> [Provided material]:
***
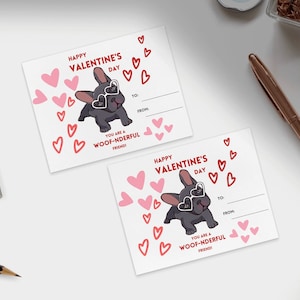 Afdrukbaar tot Valentijnsdag Frenchie-kaart met schattige bril Franse Bulldog DIY Dogs Hearts School - Frenchies Pets Hearts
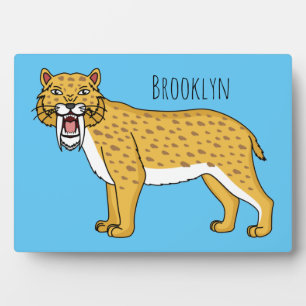 Sabre-toothed tiger illustration plaque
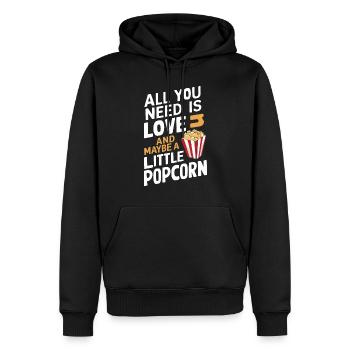 Dicton de pop-corn amusant, pop-corn en rafale - Sweat à capuche Premium bio Homme - noir - Devant - Nico (187cm)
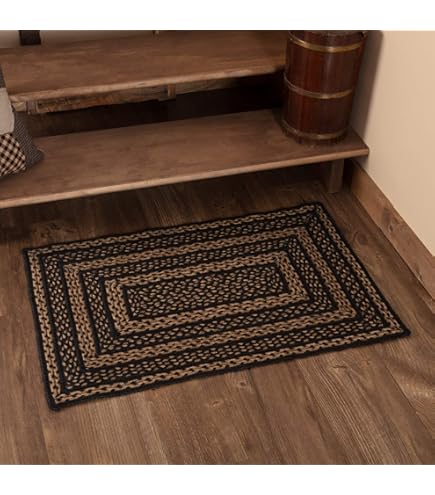 VHC Brands Farmhouse Primitive Star Rug – 24x36 Jute Blend Accent Mat With Non-Slip, Black & Tan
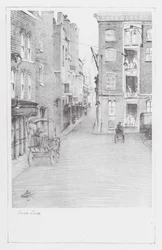 Londen Lanes: Swan Lane (litho)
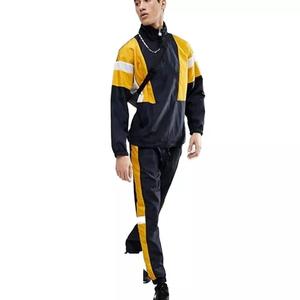 Chándal informal para hombre, chándal de nailon ligero con cremallera superior de 2 piezas, diseños personalizados, conjunto de chándal cortavientos - Product Image 1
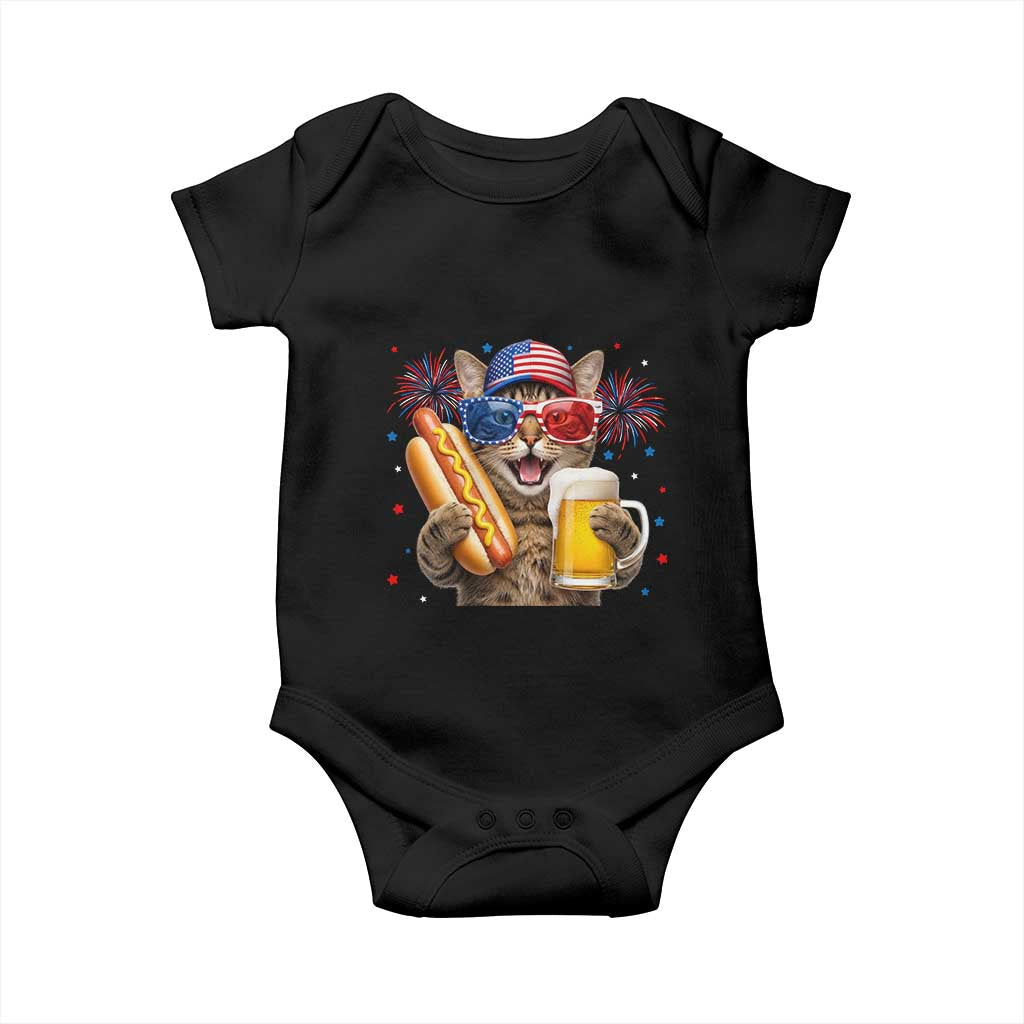 Beer And Hotdog Cat Baby Onesie Fourth Of July Celebration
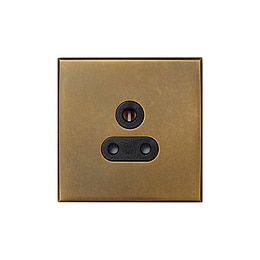 Aged Brass 5A Unswitched Socket with Black Insert  - The Palaces Collection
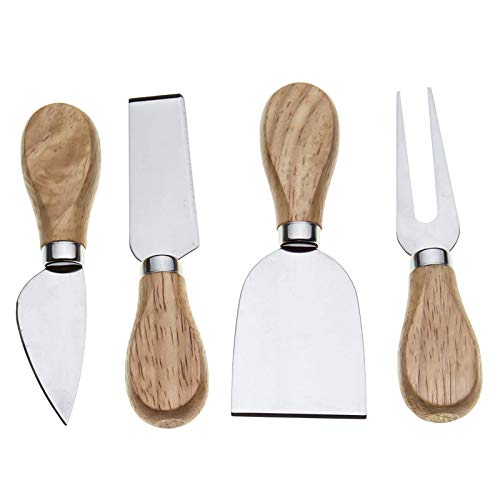 Bekith 8 Pieces Set Cheese Knives with Bamboo Wood Handle – 2 Cheese Knife, 2 Cheese Shaver, 2 Cheese Fork and 2 Cheese Spreader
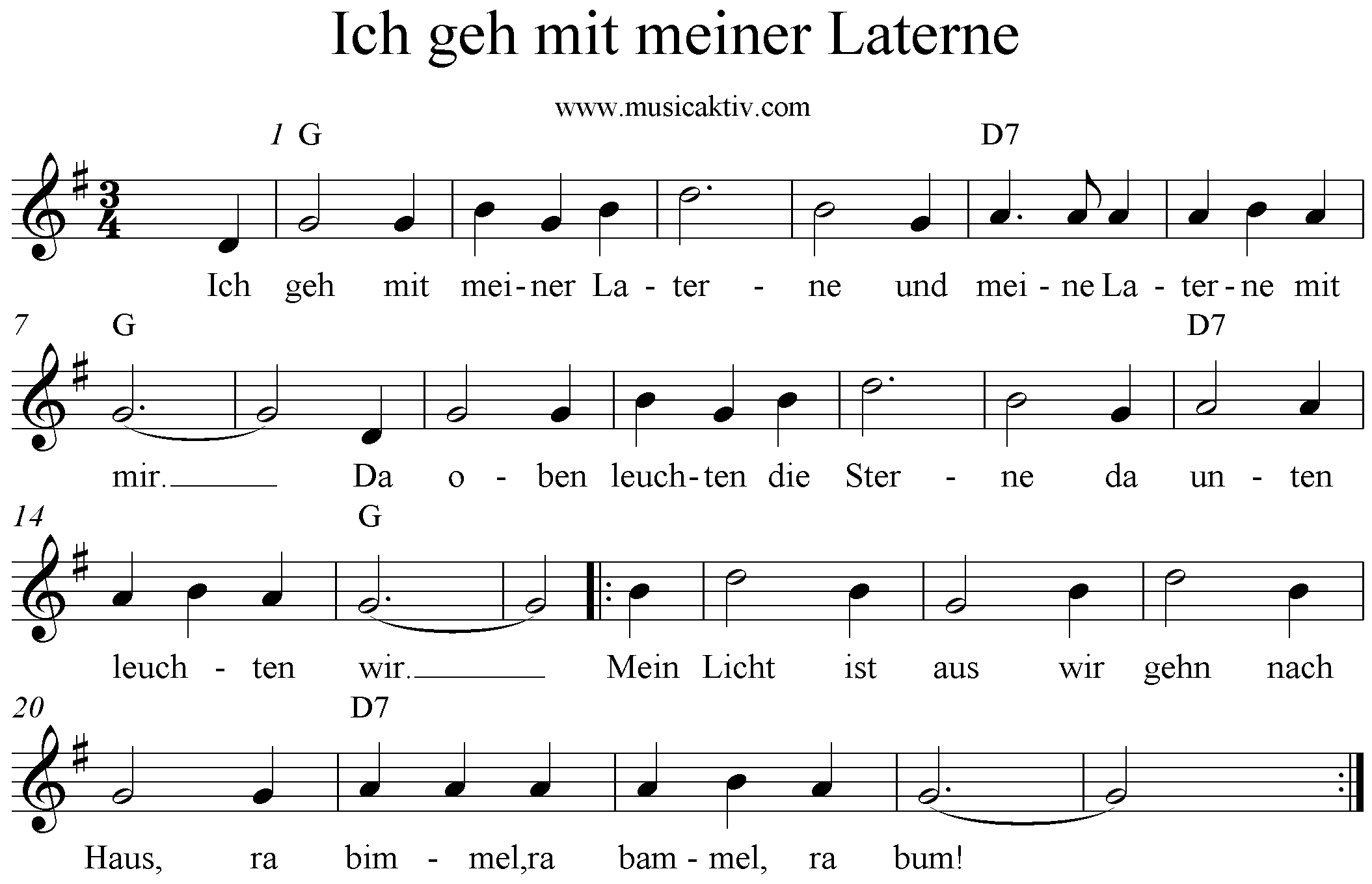 Ich Geh Mit Meiner Laterne Noten : Laterne Laterne Sonne Mond Und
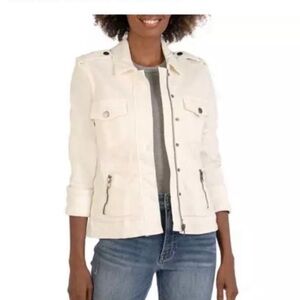 Kut From The Kloth Women's Natural Amanda Utility Denim Jacket Medium Off White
***
> [Goal of the exercise]: Print all of the records shown above exactly, leaving out each picture.

> [Answer section]:
 Afdrukbaar tot Valentijnsdag Frenchie-kaart met schattige bril Franse Bulldog DIY Dogs Hearts School - Frenchies Pets Hearts
 Sabre-toothed tiger illustration plaque
 Dicton de pop-corn amusant, pop-corn en rafale - Sweat à capuche Premium bio Homme - noir - Devant - Nico (187cm)
 VHC Brands Farmhouse Primitive Star Rug – 24x36 Jute Blend Accent Mat With Non-Slip, Black & Tan
 Londen Lanes: Swan Lane (litho)
 Chándal informal para hombre, chándal de nailon ligero con cremallera superior de 2 piezas, diseños personalizados, conjunto de chándal cortavientos - Product Image 1
 Beer And Hotdog Cat Baby Onesie Fourth Of July Celebration
 Aged Brass 5A Unswitched Socket with Black Insert  - The Palaces Collection
 Bekith 8 Pieces Set Cheese Knives with Bamboo Wood Handle – 2 Cheese Knife, 2 Cheese Shaver, 2 Cheese Fork and 2 Cheese Spreader
 Ich Geh Mit Meiner Laterne Noten : Laterne Laterne Sonne Mond Und
 Kut From The Kloth Women's Natural Amanda Utility Denim Jacket Medium Off White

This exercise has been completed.